My first thought was that if I ever made a whole lot of money, I would move there and boast of this most beautiful town. But I found myself, as I was playing my little ugly search game, saying out loud over and over, "What is this place?" And then I realized that the feeling I had was not an awe of its amazingness, but rather an overwhelming weirded out feeling, as if in the presence of some sort of strange cult.
So, in short, I do not feel like I will ever move to Kohler, Wisconsin, but I may go there again to gawk.
Monday, October 09, 2006
Oh Monday
On happier notes, I get to see my most recently married friend Bridget Thomas (still takes me a second to get her name right) tonight. I get to see her apartment and get a meal. What a deal! :)
And possibly the scariest then funniest moment so far on this trip: My GPS unit was stolen out of my car...OK, well that's what I thought anyway. Actually, the suction cup fell off the front window because it got so darn cold last night. But when I walked up to my car and opened the door, it sure did seem like it was stolen. I first peed a little in my pants, then I shed a quick tear. But then I recovered and stuck the darn thing back on the window.
PS. My hotel this week is very nice. It's got a water park (of sorts), free breakfast, and a Citgo in the parking lot. Who doesn't need one of those?
Monday, October 02, 2006
She-man and the Nipple
The best story I've got about my week of WEF's had to have been toward the end of the week. The WEF setting was pretty normal as far as WEF's go. I was at a table with some cosmetology school across the aisle from me. With only about five minutes to go before the close of the WEF, three students cruised their way over to the cosmetology school.

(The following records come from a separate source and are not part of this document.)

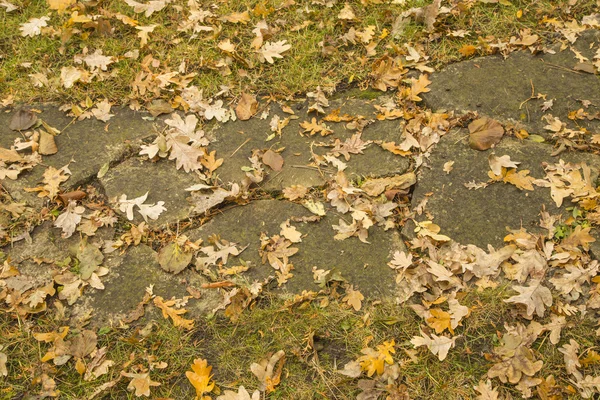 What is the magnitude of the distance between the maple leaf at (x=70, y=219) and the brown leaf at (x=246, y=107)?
1175 mm

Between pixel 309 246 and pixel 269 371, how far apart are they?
716 mm

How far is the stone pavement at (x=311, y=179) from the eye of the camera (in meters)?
2.78

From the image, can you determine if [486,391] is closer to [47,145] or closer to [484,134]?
[484,134]

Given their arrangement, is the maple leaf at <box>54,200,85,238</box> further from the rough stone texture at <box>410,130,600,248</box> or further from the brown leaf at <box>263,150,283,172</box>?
the rough stone texture at <box>410,130,600,248</box>

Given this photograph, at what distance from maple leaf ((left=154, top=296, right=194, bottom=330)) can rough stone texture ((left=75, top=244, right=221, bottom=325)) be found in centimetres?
4

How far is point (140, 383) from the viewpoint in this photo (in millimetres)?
2426

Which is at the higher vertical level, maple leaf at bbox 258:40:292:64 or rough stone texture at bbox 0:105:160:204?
maple leaf at bbox 258:40:292:64

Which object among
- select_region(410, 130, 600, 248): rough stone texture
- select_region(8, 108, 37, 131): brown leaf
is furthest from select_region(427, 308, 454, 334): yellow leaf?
select_region(8, 108, 37, 131): brown leaf

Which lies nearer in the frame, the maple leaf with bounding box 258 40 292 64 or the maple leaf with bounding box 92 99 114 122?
the maple leaf with bounding box 92 99 114 122

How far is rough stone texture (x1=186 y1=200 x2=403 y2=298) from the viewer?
2.72m

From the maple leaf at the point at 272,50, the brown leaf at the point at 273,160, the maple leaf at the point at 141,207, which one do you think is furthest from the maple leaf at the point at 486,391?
the maple leaf at the point at 272,50

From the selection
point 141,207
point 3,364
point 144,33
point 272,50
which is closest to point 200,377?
point 3,364

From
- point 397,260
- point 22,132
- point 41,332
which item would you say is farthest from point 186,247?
point 22,132

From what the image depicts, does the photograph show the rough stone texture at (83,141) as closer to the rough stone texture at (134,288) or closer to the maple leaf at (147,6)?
the rough stone texture at (134,288) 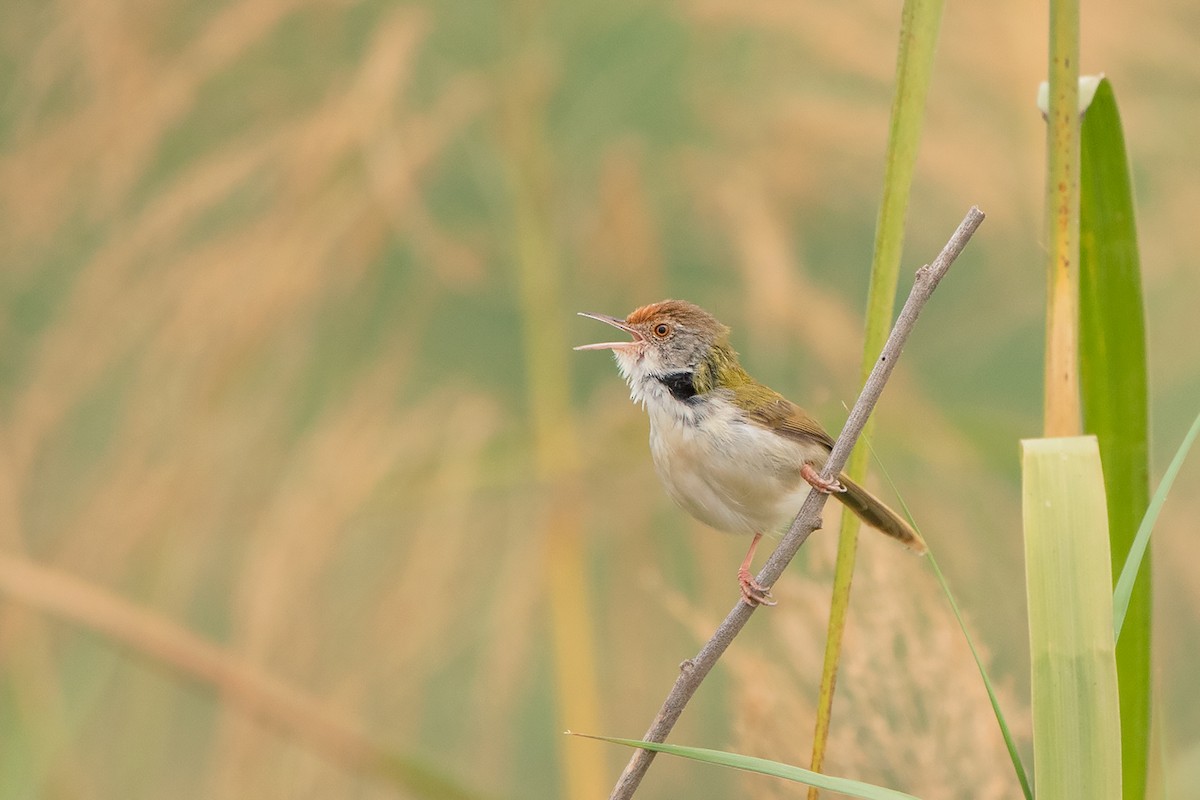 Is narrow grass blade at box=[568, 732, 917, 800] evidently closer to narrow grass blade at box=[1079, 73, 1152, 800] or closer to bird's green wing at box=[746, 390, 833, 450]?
narrow grass blade at box=[1079, 73, 1152, 800]

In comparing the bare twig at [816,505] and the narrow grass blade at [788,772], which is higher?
the bare twig at [816,505]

I clearly had a stunned look on my face as I caught a glimpse of the sight in front of me. The person next to me, out of the blue, said, "Yeah, I can't figure it out either." I blushed about ten shades of red when I realized that I had been caught staring. But truly, neither of us had a clue what we were looking at. Was it a man dressed convincingly as a woman? Or was it possibly a very masculine looking woman?
The representative at the cosmetology school table did a very good job holding herself together. I will give her props on that. She gave her usual talk, handed them their information, and sent them on their way. The students only got a few steps away when the rep quickly covered her mouth with both hands and turned away from her table. Curious as I was, I went up to her to inquire about the situation that had just unfolded. Before I even had a chance to ask about the she-man, she blurted out, "Definitely a man, but that's not all!" She went on to share that as she was talking to the students, one of them repeatedly pulled down her shirt to cover her midrif, but instead, she revealed much more disgusting and taboo body parts...her nipples. Um...nipples? You don't even see them on a beach or on TV...but at a college fair? Wow.
And so goes the tale of She-man and the Nipple.